We have spent a great deal of time reviewing our assortments and evaluating categories, pricing and promotional strategies, and most importantly implementing tighter management of our inventories. We made the decision, which turned out to be correct, that we would be better served to potentially miss a sale than get caught with excess inventory. The results of that decision netted us a modest comp-sales increase for the fall season with greatly improved margins.
How do the various divisions/brands break out?
Our brand/concept portfolio is quite diverse, including Footwear specialty stores under the brands Nine West, Easy Spirit, Bandolino, AK Anne Klein and ShoeWoo. We have three outlet apparel concepts, including Jones New York, Kasper and Anne Klein. Both Nine West and Easy Spirit also have large outlet businesses.
Do you interface routinely with your divisional peers in the company?
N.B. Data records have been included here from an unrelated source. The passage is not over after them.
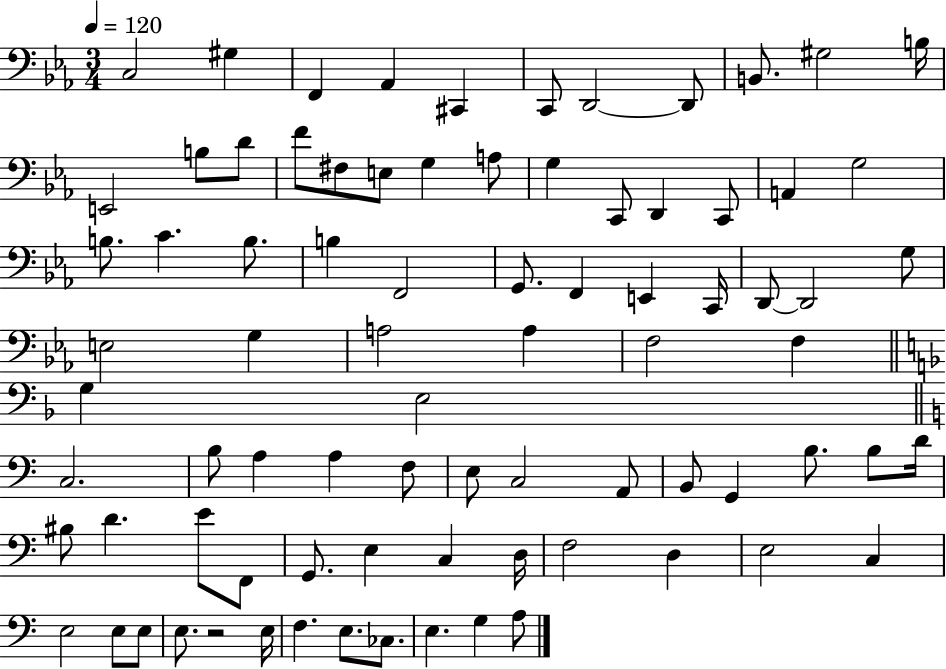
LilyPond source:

{
  \clef bass
  \numericTimeSignature
  \time 3/4
  \key ees \major
  \tempo 4 = 120
  c2 gis4 | f,4 aes,4 cis,4 | c,8 d,2~~ d,8 | b,8. gis2 b16 | \break e,2 b8 d'8 | f'8 fis8 e8 g4 a8 | g4 c,8 d,4 c,8 | a,4 g2 | \break b8. c'4. b8. | b4 f,2 | g,8. f,4 e,4 c,16 | d,8~~ d,2 g8 | \break e2 g4 | a2 a4 | f2 f4 | \bar "||" \break \key f \major g4 e2 | \bar "||" \break \key c \major c2. | b8 a4 a4 f8 | e8 c2 a,8 | b,8 g,4 b8. b8 d'16 | \break bis8 d'4. e'8 f,8 | g,8. e4 c4 d16 | f2 d4 | e2 c4 | \break e2 e8 e8 | e8. r2 e16 | f4. e8. ces8. | e4. g4 a8 | \break \bar "|."
} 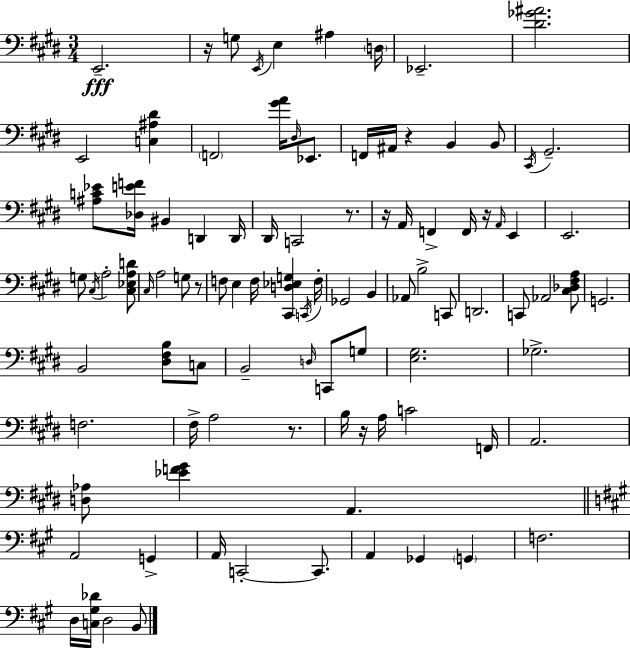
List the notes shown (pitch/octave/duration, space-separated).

E2/h. R/s G3/e E2/s E3/q A#3/q D3/s Eb2/h. [D#4,Gb4,A#4]/h. E2/h [C3,A#3,D#4]/q F2/h [G#4,A4]/s D#3/s Eb2/e. F2/s A#2/s R/q B2/q B2/e C#2/s G#2/h. [A#3,C4,Eb4]/e [Db3,E4,F4]/s BIS2/q D2/q D2/s D#2/s C2/h R/e. R/s A2/s F2/q F2/s R/s A2/s E2/q E2/h. G3/e C#3/s A3/h [C#3,Eb3,A3,D4]/e C#3/s A3/h G3/e R/e F3/e E3/q F3/s [C#2,D3,Eb3,G3]/q C2/s F3/s Gb2/h B2/q Ab2/e B3/h C2/e D2/h. C2/e Ab2/h [C#3,Db3,F#3,A3]/e G2/h. B2/h [D#3,F#3,B3]/e C3/e B2/h D3/s C2/e G3/e [E3,G#3]/h. Gb3/h. F3/h. F#3/s A3/h R/e. B3/s R/s A3/s C4/h F2/s A2/h. [D3,Ab3]/e [Eb4,F4,G#4]/q A2/q. A2/h G2/q A2/s C2/h C2/e. A2/q Gb2/q G2/q F3/h. D3/s [C3,G#3,Db4]/s D3/h B2/e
Wes Card (CEO, Jones Apparel Group) does a great job of formally keeping us connected. All of the JAG division leaders meet in a staff meeting with Wes regularly. This keeps us all on the same page as to the direction of the brands and any initiatives or issues that may apply across all operating divisions of the company. We routinely collaborate on all issues that affect the brands.
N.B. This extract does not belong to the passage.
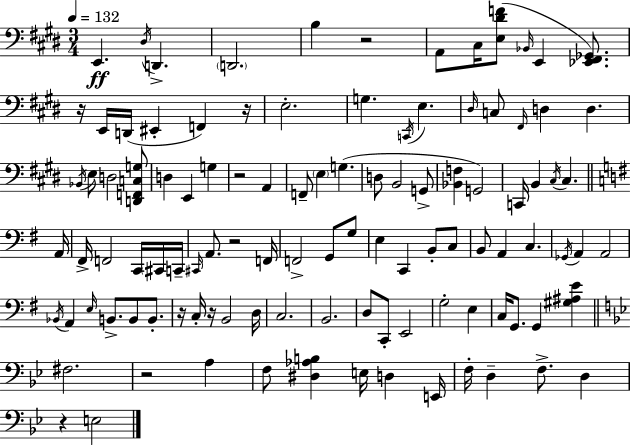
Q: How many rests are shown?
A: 9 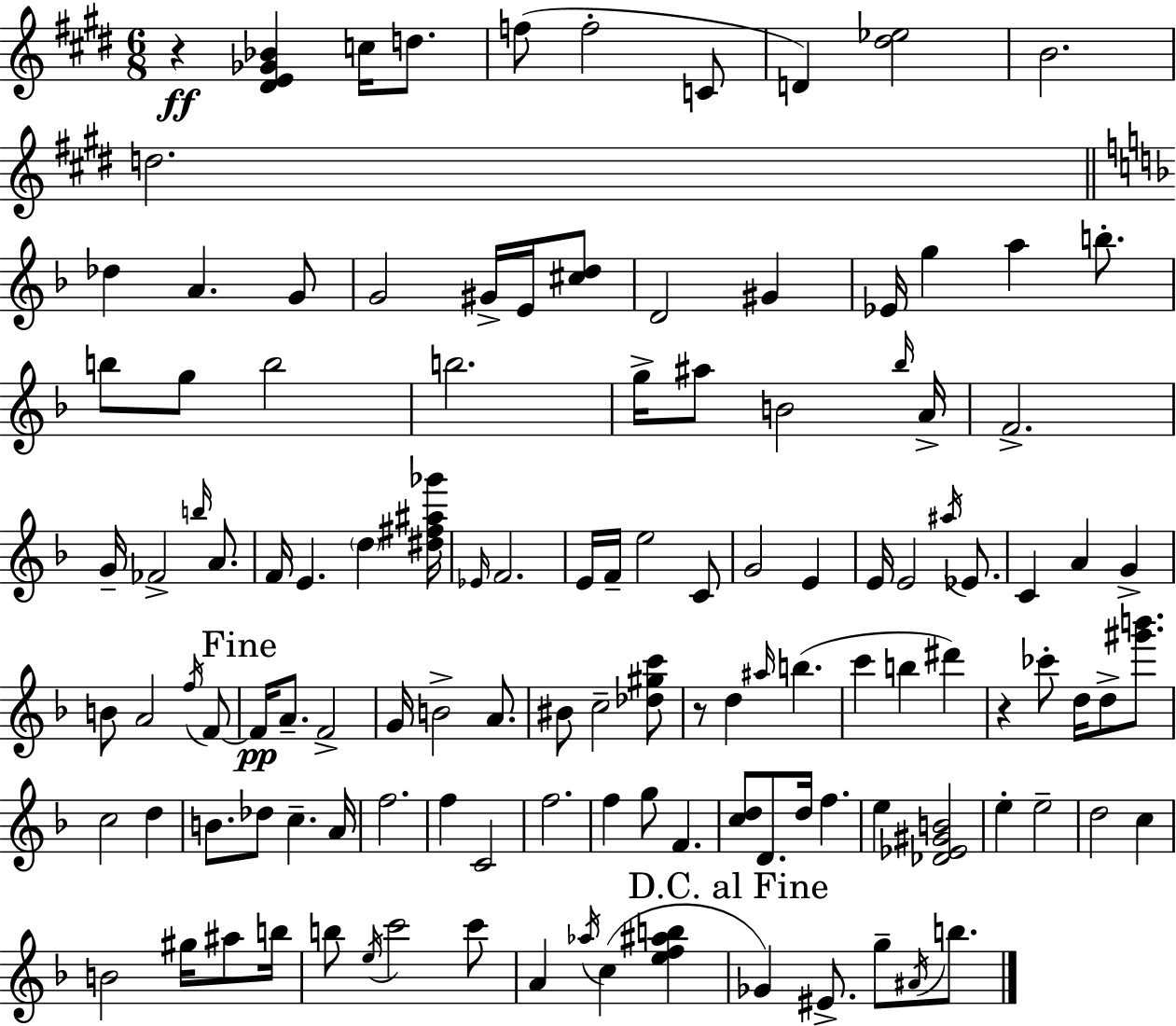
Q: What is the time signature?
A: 6/8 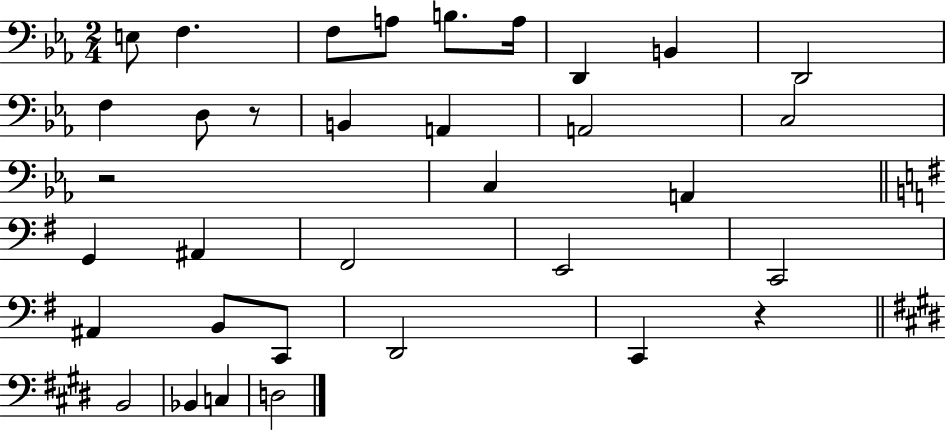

What’s on the horizon for the retail division?
We are totally focused on returning this division to historic profit levels. We are in the process of “right sizing” our real estate portfolio, editing our assortments to ensure that we are focused on our core business, and eliminating [clutter] and low-margin categories from our stores. We have scrubbed our P&L line by line and achieved significant expense savings.
These are all important steps in this difficult economy to ensure profitability. But ultimately, in order to be successful, you need to achieve sales and margin growth. You can’t win strictly on being efficient. We have worked very hard on creating exciting merchandising assortments with a great price/value component. Our brands continue to be very strong, and with the addition of some sub-brands such as Vintage America in Nine West and Anti-Gravity in Easy Spirit, there is a new visual focus and excitement in our stores. We have spent the last 24 months upgrading our physical plants to provide a great shopping experience, and we will continue to invest in the stores in 2010.
What about new concepts?
In terms of new concepts, we are currently testing ShoeWoo, a multi-branded mall-based footwear concept. There are four locations currently open and doing very well. The company also markets the Rachel Roy brand of RTW (ready-to-wear) and accessories, which is doing very well in our wholesale channels.
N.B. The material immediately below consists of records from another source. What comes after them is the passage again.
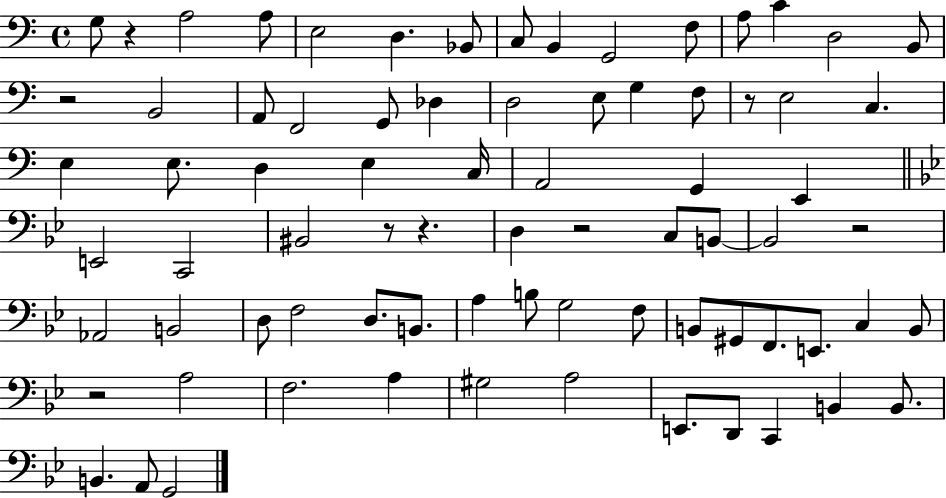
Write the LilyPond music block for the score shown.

{
  \clef bass
  \time 4/4
  \defaultTimeSignature
  \key c \major
  \repeat volta 2 { g8 r4 a2 a8 | e2 d4. bes,8 | c8 b,4 g,2 f8 | a8 c'4 d2 b,8 | \break r2 b,2 | a,8 f,2 g,8 des4 | d2 e8 g4 f8 | r8 e2 c4. | \break e4 e8. d4 e4 c16 | a,2 g,4 e,4 | \bar "||" \break \key bes \major e,2 c,2 | bis,2 r8 r4. | d4 r2 c8 b,8~~ | b,2 r2 | \break aes,2 b,2 | d8 f2 d8. b,8. | a4 b8 g2 f8 | b,8 gis,8 f,8. e,8. c4 b,8 | \break r2 a2 | f2. a4 | gis2 a2 | e,8. d,8 c,4 b,4 b,8. | \break b,4. a,8 g,2 | } \bar "|."
} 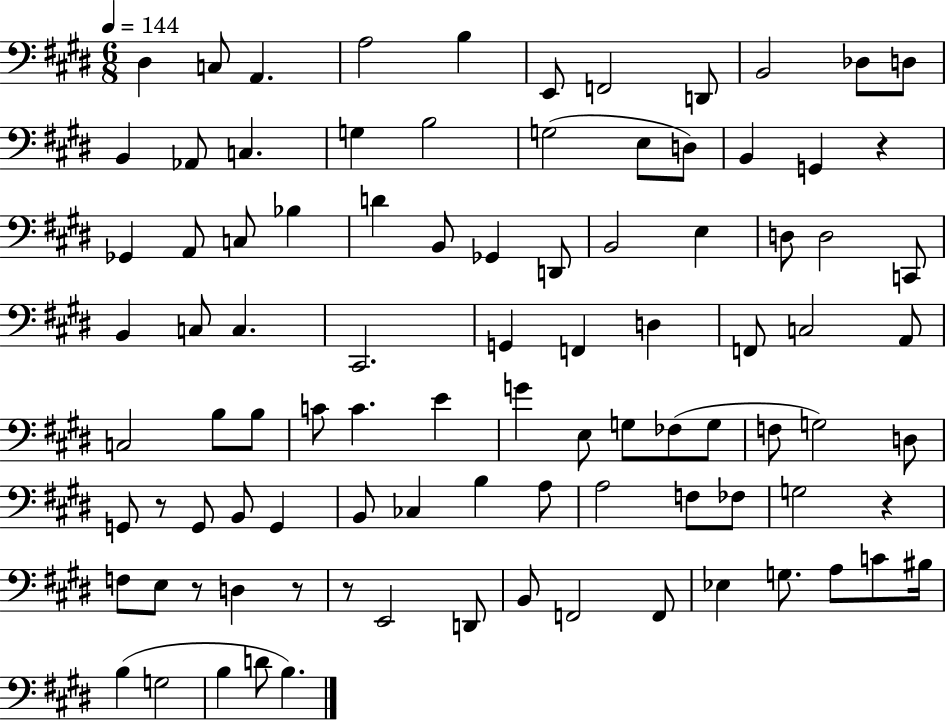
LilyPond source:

{
  \clef bass
  \numericTimeSignature
  \time 6/8
  \key e \major
  \tempo 4 = 144
  dis4 c8 a,4. | a2 b4 | e,8 f,2 d,8 | b,2 des8 d8 | \break b,4 aes,8 c4. | g4 b2 | g2( e8 d8) | b,4 g,4 r4 | \break ges,4 a,8 c8 bes4 | d'4 b,8 ges,4 d,8 | b,2 e4 | d8 d2 c,8 | \break b,4 c8 c4. | cis,2. | g,4 f,4 d4 | f,8 c2 a,8 | \break c2 b8 b8 | c'8 c'4. e'4 | g'4 e8 g8 fes8( g8 | f8 g2) d8 | \break g,8 r8 g,8 b,8 g,4 | b,8 ces4 b4 a8 | a2 f8 fes8 | g2 r4 | \break f8 e8 r8 d4 r8 | r8 e,2 d,8 | b,8 f,2 f,8 | ees4 g8. a8 c'8 bis16 | \break b4( g2 | b4 d'8 b4.) | \bar "|."
}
How has your past experience with Foot Locker, as well as your department-store roles, impacted your current role at Jones?
We are all the product of our cumulative experiences. Each of those experiences has been unique as it relates to specific merchandise and the nuances of managing the specific businesses. The common threads that tie all retail together are developing a recognition of who your customer is and what it is that you bring to the marketplace, which gives you a “right to win.”
Specifically, the department store experience prepared me to manage multiple category businesses, while the Foot Locker experience expanded my knowledge of the real estate markets and exposed me to the power of a specialty store. Both require the ability to multitask, to be flexible and build appropriate product assortments for the targeted customer.
What do you value most about your job?
Although it is a bit of a cliche, I find that the most fulfilling part of what I do is building a team of diverse, well-motivated people who are focused on achieving a common goal. There really are two types of executives who run retail companies: One type is the “merchant prince” who does everything from selecting the individual styles to controlling every detail (both merchandise and operational), and the second type is a broad-based manager who sets the strategic goals, is involved in assembling the plans to achieve those goals and assembles a strong team around him to implement those strategies.
I am the second type, so building that team is a critical part of any success that I may have.